Ardından termik santrala karşı dava açan isimlerden Av. Erdal Atabek’le ilgili paralelci imasında bulunmuşlar, santrala karşı olan çevrecileri ‘paralelcilikle’ yaftalamışlar.
Buram buram DOSAB’ın servisi kokan bu haberin 3 amacı var:
-Termik santralın yürütmesini durduran hâkimleri zan altında bırakıp, esas karar için yönlendirmeye çalışmak.
-Termik santral projesini savunan cepheyi paralelcilikle ilişkilendirmek
-Termik santral projesini iktidar partisi projesi olarak algılatmak
Bu 3 amaç, DOSAB yönetiminin işine gelir ki, ben de bu yüzden haberin servis edildiğini iddia ediyorum.
***
Şimdi gelelim bu 3 amacın doğru olup olmadığına…
Hâkimlerin hayat görüşlerinin ne olduğunu bilmiyorum, bu da zaten kimseyi ilgilendirmez.
Ancak Bursa’daki akademik odaların tamamının”termik santral çevreye zararlıdır” görüşünde birleştiği bir projenin yürütmesini durdurmak için paralelci olmaya gerek yok.
Ayrıca, bu hâkimleri paralelcilikle ilişkilendirmek, yürüyen bir davaya müdahale etmekle eşanlamlıdır.
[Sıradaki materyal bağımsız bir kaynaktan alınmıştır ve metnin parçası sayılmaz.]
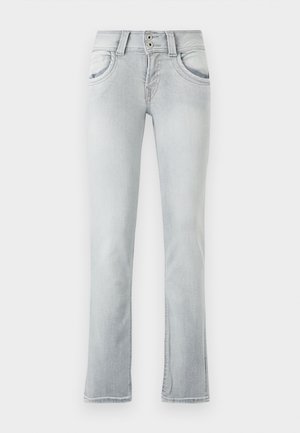 Jeans en denim bleu clair avec une coupe évasée, comprenant deux poches avant, une fermeture à bouton avec deux boutons, et des détails légèrement décolorés.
DOSAB Başkanı bu haberi yaptırarak, sütre gerisinde hâkimleri zan altında bırakarak suç işliyor.
***
Haberde termik santral projesini savunanların paralelcilikle suçlanması ve Av. Erdal Atabek’e paralelci imasında bulunulması doğru değil.
Aralarında Doğader, yönetimlerinde sosyal demokratların olduğu akademik odalar, CHP’liler, MHP’liler, AK Parti’nin sendikası olarak bilinen ve paralel yapıya karşı en fazla sesi çıkan sendikalardan Memur-Sen’in İl Temsilcisi Numan Şeker de mi paralelci?
***
Ve 3’üncü amaç.
Yani projenin AK Parti projesi olduğu algısını yaratmaya çalışmak.
Termik santral, AK Parti projesiyse eğer AK Parti Bursa Milletvekili İsmail Aydın neden termik santrala karşı olduğunu ilan etti?
Yine geçmiş yazılarımdan örnek vereyim.
“AKP`li vekil Aydın: Demirtaş`ta termik santrala karşıyım!” başlıklı yazımda, AK Parti Bura Milletvekili İsmail Aydın’ın şu açıklamasına yer vermiştim:
”Bizim iktidar partisi olarak, Keles Kozağacı`ndaki düşüncemiz çok net. Orada termik santral kurulmasından yanayız. Çünkü, enerjide dışa bağımlıyız ve bu bağımlılığı azaltmak için kömürü kullanmamız gerekiyor. Bunun için de kömür yataklarına yakın Kozağacı bölgesinde termik santral kurulmasını destekliyoruz. Ancak, Demirtaş`ta, yani şehrin ortasında kurulacak bir santrala karşıyım. Bir kere bu santralı çalıştıracak kömür, dışarıdan gelecek. Ayrıca biz, yerleşim birimlerine uzak her yerde termik santral kurup, ucuz elektrik üretebiliriz. Bu açıdan Demirtaş`ta kurulmak istenen termik santralın ekonomimize hiçbir faydası yoktur. Çünkü, insanların yaşamadığı bölgelerde de rahatlıkla kömürü ekonomiye katabiliriz. Bir de termik santralların, kömür yataklarına yakın bir yerde kurulması gerekir.”
***
Bu arada haberin masa başında yapıldığı o kadar belli ki mesela şu paragrafa bakalım: “Bursa’nın Osmangazi ilçesinde bulunan Demirtaş Organize Sanayi Bölgesi’nde yaklaşık 1,5 yıldır devam eden termik santral inşaatı…”
Hangi inşaat?
Ne zaman başladı inşaat?
Oysa çivi bile çakılmadı söz konusu alana!
***
SONUÇ: Anlaşılıyor ki, mahkemenin iptal kararı vereceğini varsayan DOSAB Başkanı, algı operasyonlarıyla, işi çevirmeye çalışıyor.